For the first assignment of the semester, I was reluctant to take the risk of being creative, despite the brainstorming practice in advance. Having written down key reading and writing experiences, I debated about the way I should lay out my analysis. As an ESL student, I had only been trained systematically to write argumentative essays in English. Eventually, I chose the safest option. After reading others’ works and the individual conference, I realized that there are more acceptable ways and lots of flexibility in class to tell a story. I must consider the audience, purpose, constraints of each genre/style, and thus the trade-offs I have to make.
Nevertheless, my argumentative essay prompted me to think critically about my reading and writing habits and employing evidence to support my statements. From very detailed stories I brainstormed in class, I was able to identify the patterns and build up a strong logic chain. My language learning experience using visualization formed the basis of my reading habit using imagination when I was young, and I wrote by reversing my reading process. As I grow up and read more and more due to my introversion, I have the immersive reading and writing experience in which I can be in the protagonists’ shoes and communicate with them. Therefore, even without vivid and detailed stories in plain text, I encountered few obstacles when making the plot for my comic. My inventory of detailed stories from the brainstorming practice greatly contributed to the ease of the process.
“I think this essay could be more coherent. It could flow more smoothly.”
After a discussion with one writing tutor, I decided to employ the content focused structure for my essay as it directly corresponded to “the way I read” and “the way I write” in the prompt. However, as the professor said, the transition was not smooth if my writing was considered a story instead of merely an analysis.

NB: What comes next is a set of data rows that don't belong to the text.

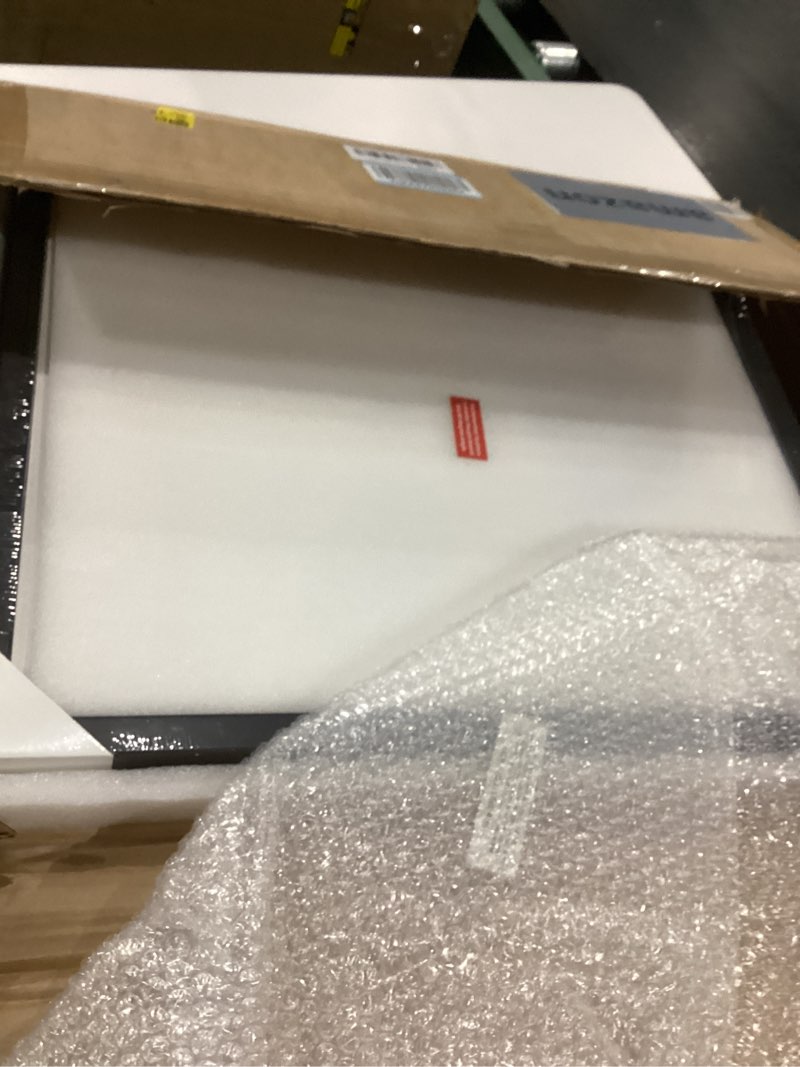 Condition photo showing Good Condition for 16x20 Small Shadow Box Frame, Jersey Frame Display Case with Grade A Natural Pine Wood Acrylic Front Jersey Frame for Soccer Basketball Baseball Shirts, Black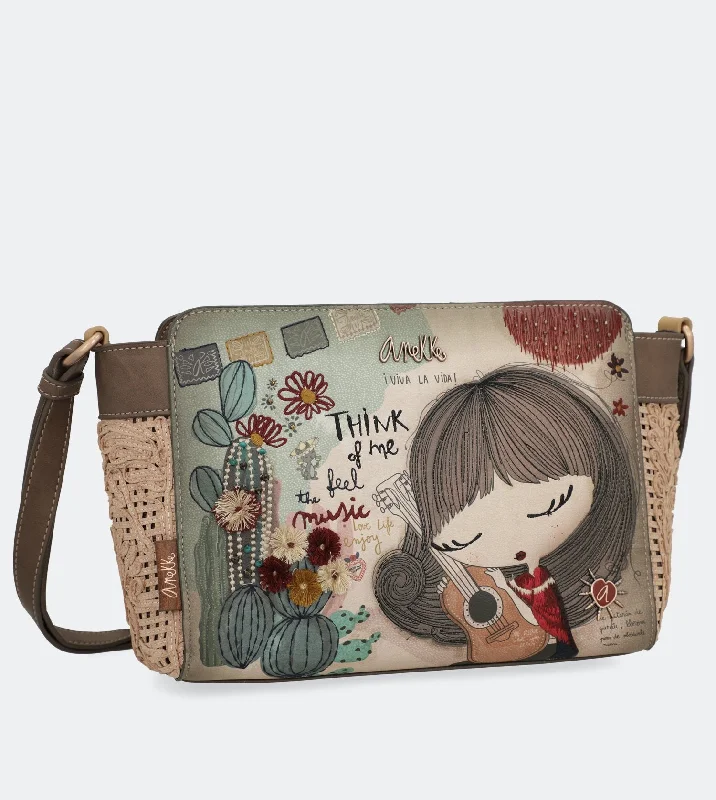 Women's Crossbody Bag with Zippered Pocket on the Back in Red for SecurityIxchel Crossbody bag with two premium sides Women's Crossbody Bag with Zippered Pocket on the Back in Red for SecurityIxchel Crossbody bag with two premium sides
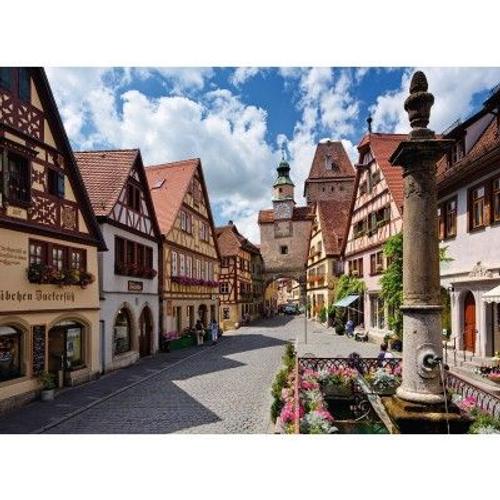 Puzzle 500 Pièces : Rothenburg, Allemagne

The problem of this structure became unresolvable when I was making my comic – there was no way to visualize a transition as abstract as a change in topics. As a result, I adopted the chronological structure with which the change in time and be easily implied by my stories. My peers who reviewed my storyboard agreed as well. When I went back to the text narrative and edited it accordingly, it also turned out to flow better. This reminded me of my other previous writings that might be too focused on the content to switch from one topic to another smoothly. In many cases, abrupt transitions may indicate problems in the logic chain or cause problems for the audience to understand. From this experience, visualization can be used to detect this kind of problems and offer potential solutions.
“Drawing is a thinking process.” This entire project consisting of alphabetic writing, comics, and reflections is very reflective and educative for me to understand my strengths and weakness in my reading and writing habits. Visual thinking, identified in my narrative essay as one of my key strengths, is more widely applicable and important than I thought. Many takeaways from this project will definitely help me succeed in many other different projects later in my life.